The European Commission said Thursday it had called an emergency meeting on migration as Italian Interior Minister Matteo Salvini suggested he could resign in a dispute over migrants held on a coast guard ship.
Salvini, leader of the far-right League party, is in a standoff with Italian President Sergio Mattarella over whether 177 migrants rescued in the Mediterranean should be allowed to disembark from the Diciotti ship, docked in a Sicilian port for the last three days.
Salvini insists the migrants should only be allowed onto Italian soil if other EU countries agree to share responsibility for them. Mattarella favors letting the migrants disembark for humanitarian reasons. The head of state made a rare intervention in day-to-day politics to end a similar dispute last month by letting 67 migrants disembark from the Diciotti after another rescue operation.
But Salvini has declared he will not let Mattarella do the same thing this time. “Either you change the country or you change the minister,” he said in a video message on Wednesday evening.
Only 29 unaccompanied minors have been allowed to leave the boat so far.
The Italian dispute — which has also caused tension between the League and its governing partner, the 5Star Movement — reflects a broader European political conflict over migration that has highlighted stark divisions across the Continent.
At a summit in June, EU leaders declared after all-night talks that they had agreed on a range of migration measures, including setting up processing centers for asylum-seekers both inside and outside the bloc. But the leaders’ declaration was short on detail and officials have struggled to turn their words into action.
Alexander Winterstein, a European Commission spokesman, said the EU executive had been “in intense contact” about the Diciotti case since Sunday.
“We continue working towards a swift resolution so that people on board can be safely disembarked as soon as possible,” he told reporters at the Commission’s daily press briefing. “The priority for everyone should be to ensure these people receive the care they need.”
He said the Commission was stepping up “proactive work to finding a long-term durable EU solution” on migration and had called an informal meeting for Friday of “sherpas” — senior officials from national governments who coordinate EU policy.
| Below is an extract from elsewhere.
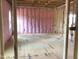 View of an unfinished room with framed walls and pink insulation ready for customization and design at 1413 Malcus Ct # 61, Fuquay Varina, NC 27526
The Commission said 12 member countries are expected to attend the meeting but could not give a definitive list of attendees at this stage. An EU diplomat, speaking on condition of anonymity, said France, Austria, Germany, Italy, Spain, Portugal, Malta, Luxembourg, the Netherlands, Greece and Ireland are all expected to be at the meeting.
“We have reached out to those member states that have provided support for recent operations as well as to other member states directly concerned and of course the meeting is open to any member state interested in finding EU solutions,” Winterstein said.
A second EU diplomat said the June summit declaration “was the product of sleep-deprived leaders who would have done everything to leave the room, but there’s not a consensus on what they meant.”
That view is underscored by notes of a July 11 meeting of EU ambassadors, obtained by POLITICO. They show, for example, that Sweden, backed by Spain, had the opposite view from Hungary on the meaning of the summit text.
“We can’t wait for member states to agree on the meaning, we are working with our interpretation for the time being,” a Commission official said.
Kait Bolongaro contributed reporting.